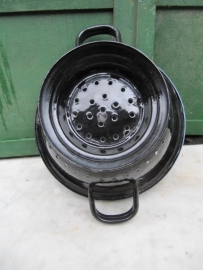 Cute old black enamel colander with lavender inside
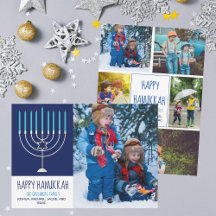 Happy Hanukkah Family Photo Holiday Cards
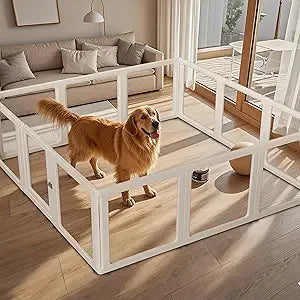 Citylife Dog Playpen with Door Clear Pet Playpen for Indoor Outdoor Easy to Install and Remove Puppy Playpen for Dogs, Cats, Bun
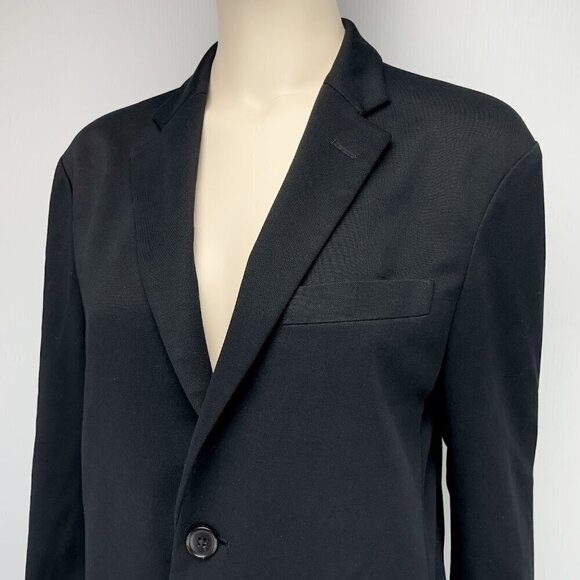 UNIQLO Slim Fit Academia Office Comfortable Black Blazer Pockets Ptp 19 - Picture 4 of 9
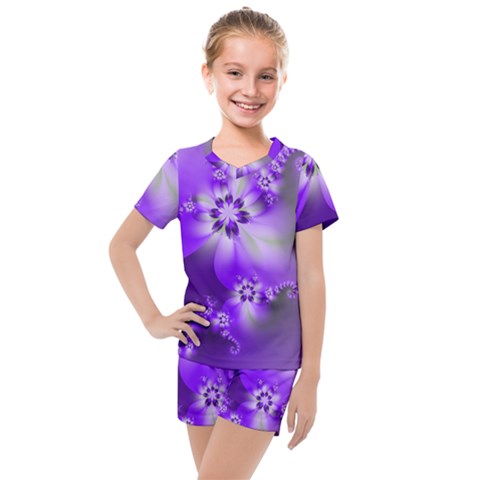 Violet Purple Flower Print Kids  Mesh Tee And Shorts Set by SpinnyChairDesigns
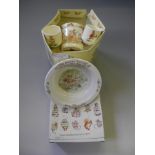 *Royal Doulton 'Bunnykins' baby set together with a Royal Albert 'Mr Jeremy Fisher' the frog bowl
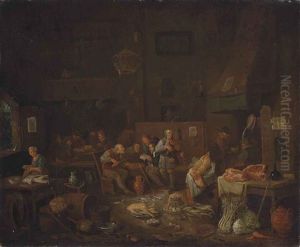Peasants Smoking And Making Merry In A Kitchen Interior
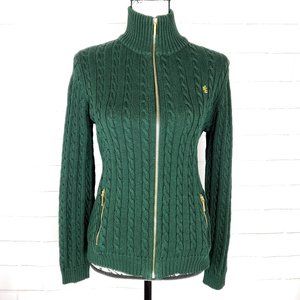 Lauren Ralph Lauren Full Zip Cable Knit Cardigan Size Large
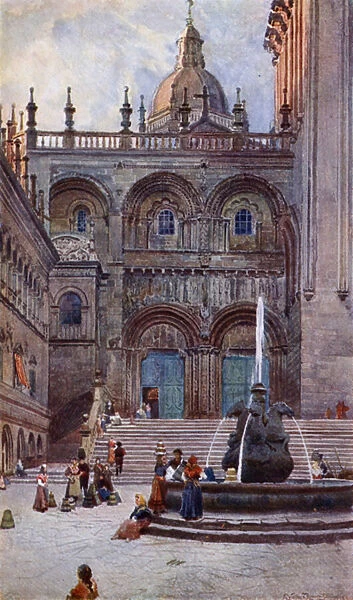 Cathedral of Santiago Di Compostela, South Doorway (colour litho)
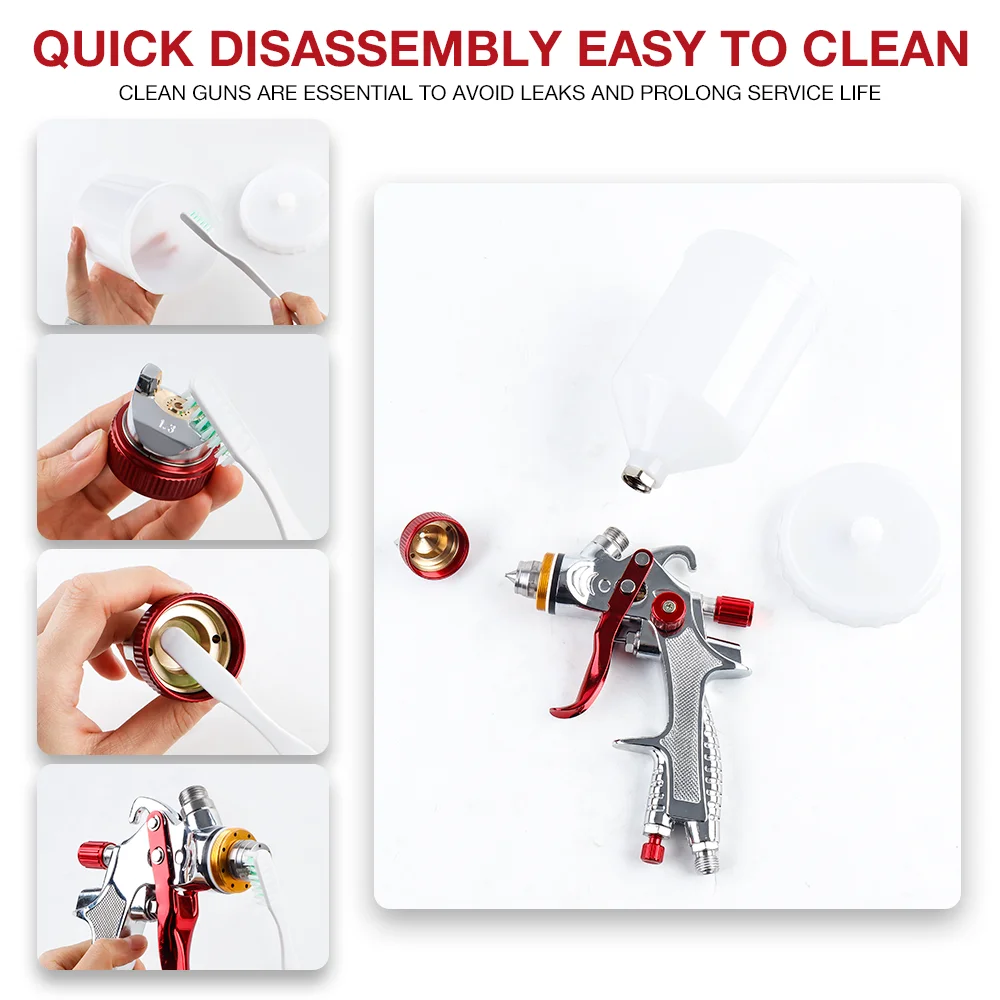 HVLP 에어 중력 스프레이 건, 1.3mm 노즐, 효율적인 분무, 조절 가능한 분사 폭, 자동차 수리용 공압 공구, 정밀 분사, 페인트 절약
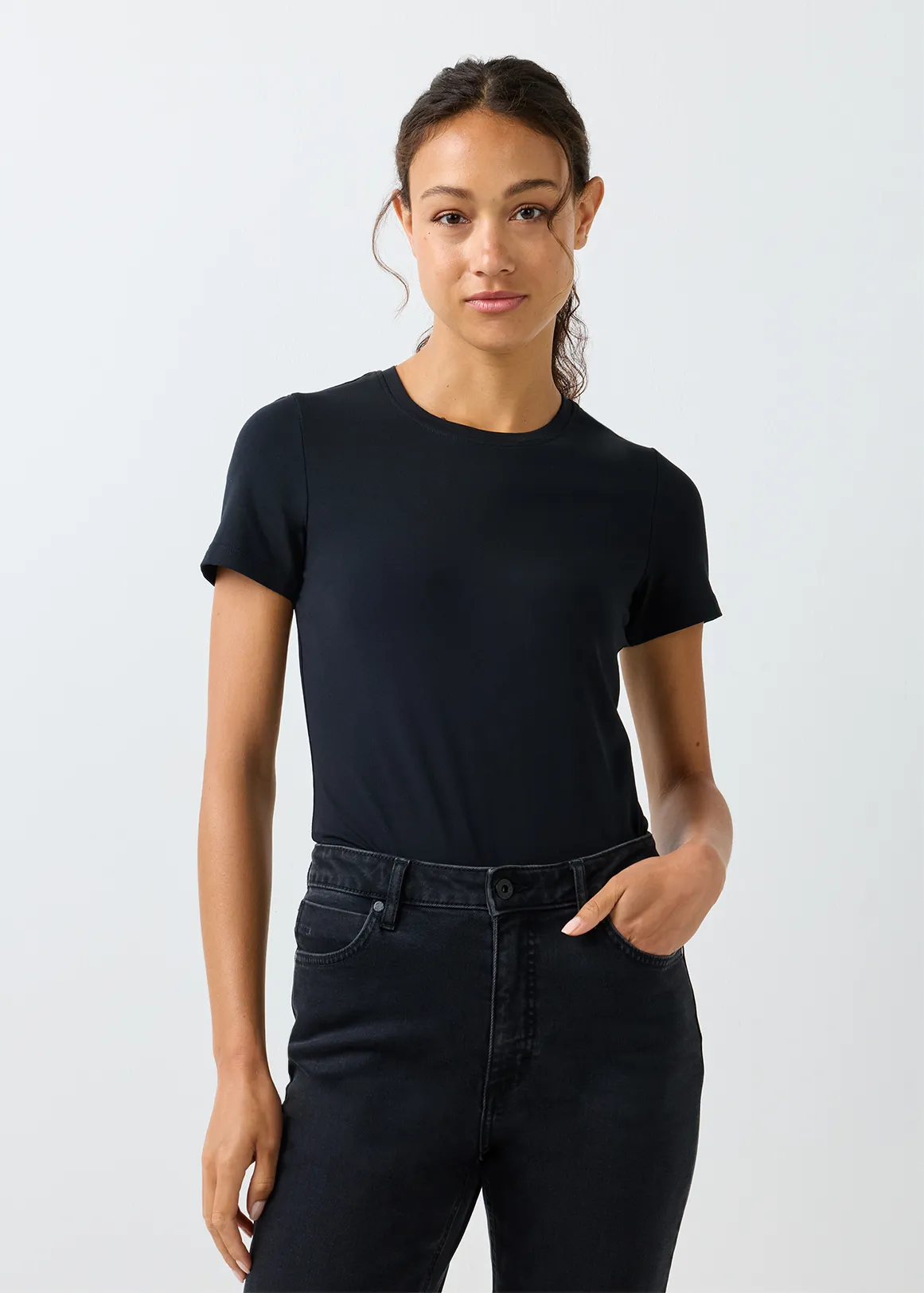 Slim Fit Stretch Cotton T-shirt - BLACK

§ **Exercise description**: Please transcribe exactly the part of the records that opens with the line containing "Citylife Dog Playpen" and closes with the line containing "Violet Purple Flower", both ends included, and leave out the pictures.

§ **Response**:
 Citylife Dog Playpen with Door Clear Pet Playpen for Indoor Outdoor Easy to Install and Remove Puppy Playpen for Dogs, Cats, Bun
 UNIQLO Slim Fit Academia Office Comfortable Black Blazer Pockets Ptp 19 - Picture 4 of 9
 Violet Purple Flower Print Kids  Mesh Tee And Shorts Set by SpinnyChairDesigns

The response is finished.